Barrie’s ultimate goal is to make the NHL’s team’s roster and spend the winter playing in Denver. The second option will be suiting up for the Avalanche’s American Hockey League affiliate in Cleveland, the Lake Erie Monsters.
And as much as he’d like to be in the big time now, Barrie understands the jump from major junior to the NHL doesn’t always happen overnight.
Shea Weber and Josh Gorges are both classic examples of former Rockets defenceman who have gone on to have fine NHL careers after stopovers in the minors.
“It’s going to be tough, just maybe there’ll be a spot there (Avalanche) for me, I’m going in to give it my best shot and everything I can to make it,” said Barrie, who had 272 points in 307 career WHL games, regular season and playoffs combined.
“I also know the transition doesn’t necessarily happen right away, a lot of great players have had to learn in the minors.

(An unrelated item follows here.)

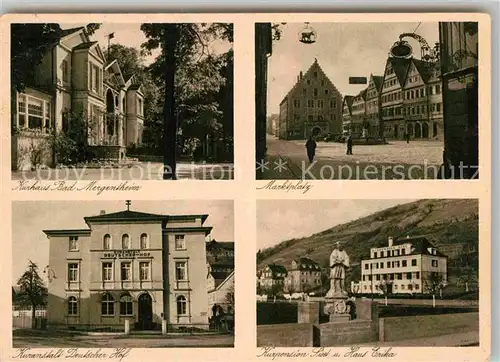 AK / Ansichtskarte Mergentheim Bad Kurhaus Marktplatz Kuranstalt Deutscher Hof Kurpension Haus Erika Kat. Bad Mergentheim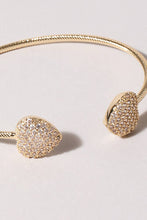 Load image into Gallery viewer, 2 Heart Pave Gold Wire Bangle Bracelet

If I’m not quite ready, then that’s OK I’m prepared to take the necessary steps to get there.”
Rockets head coach Ryan Huska has watched Barrie grow from his very first days in the WHL and is excited to watch the continued development of the skilled, young blue liner.

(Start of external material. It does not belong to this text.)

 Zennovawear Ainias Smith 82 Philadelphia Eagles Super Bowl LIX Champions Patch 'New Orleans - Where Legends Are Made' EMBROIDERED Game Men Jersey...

“He kind of grew up through our organization in a lot of different ways, we kind of used him in key roles even as a young 16-year-old,” said Huska. “I think he’s done a lot of great things for our organization in regards to bringing some of our younger defencemen along, helping them out over the last few years. Now we know for sure he’s moving on to bigger and better things with a pro career I think he’s going to have a very good career because he’s very talented young hockey player and one guy that really wants to win.”

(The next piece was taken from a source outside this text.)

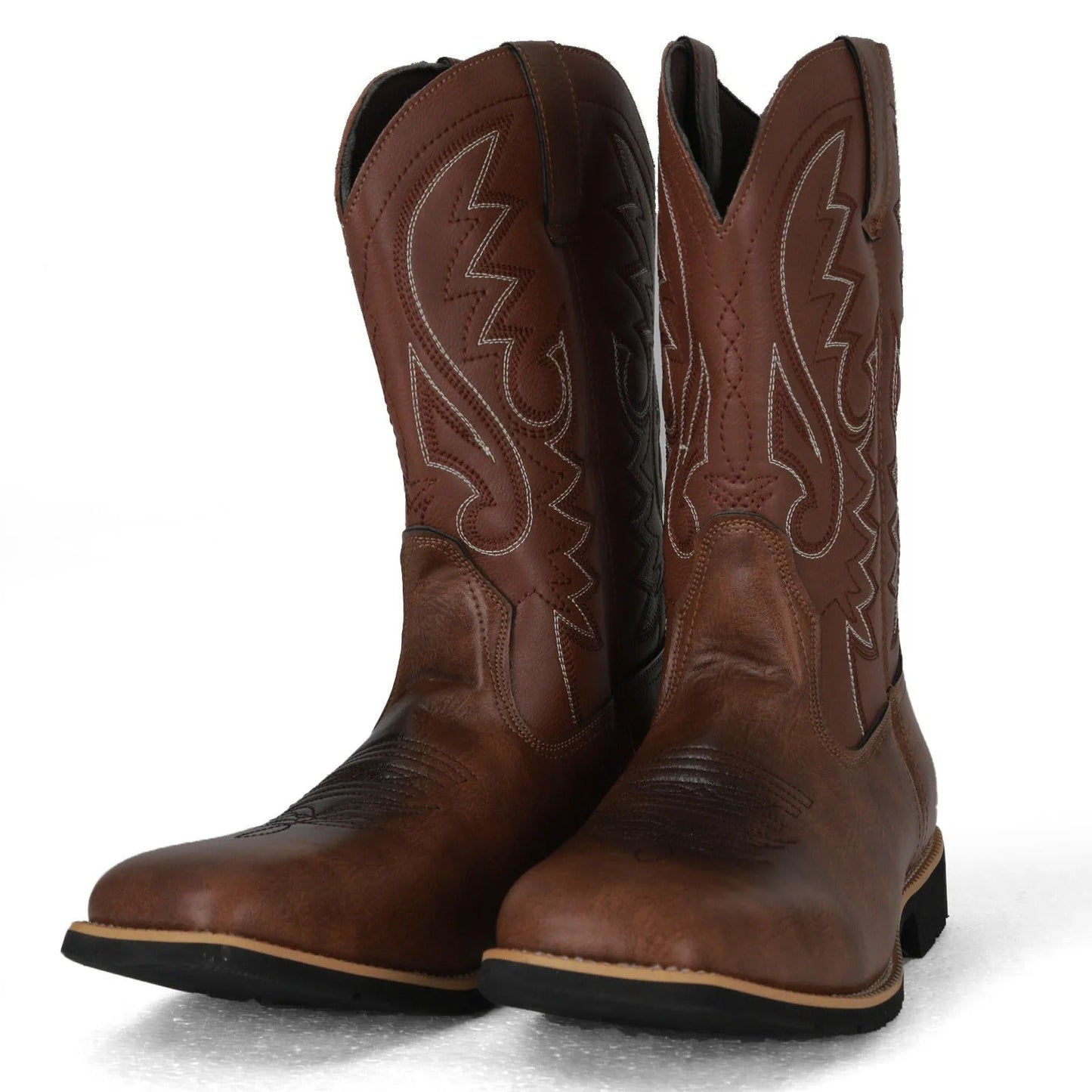 Klassiska cowboyboots för män – Handgjorda bruna läderstövlar med westernbrodyr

Beginning Tuesday morning, Mitchell Callahan will spend a week at Rockets’ training before heading to Traverse City, Michigan Sept. 8 to join the rookie camp of the Detroit Red Wings.
While Callahan knows his chances of catching on with the Wings this season is likely next to non-existent, the club’s American Hockey League affiliate in Grand Rapids is a more realistic destination for the 5-foot-11 winger.
And there is also a slight chance—perhaps 10 to 15 per cent according to Huska—that the Whittier, Calif. native would return to Kelowna as an overager.
However the 2011-12 season unfolds, Callahan remains surprised at how quickly and unexpectedly success has come his way, and will be content with wherever he lands.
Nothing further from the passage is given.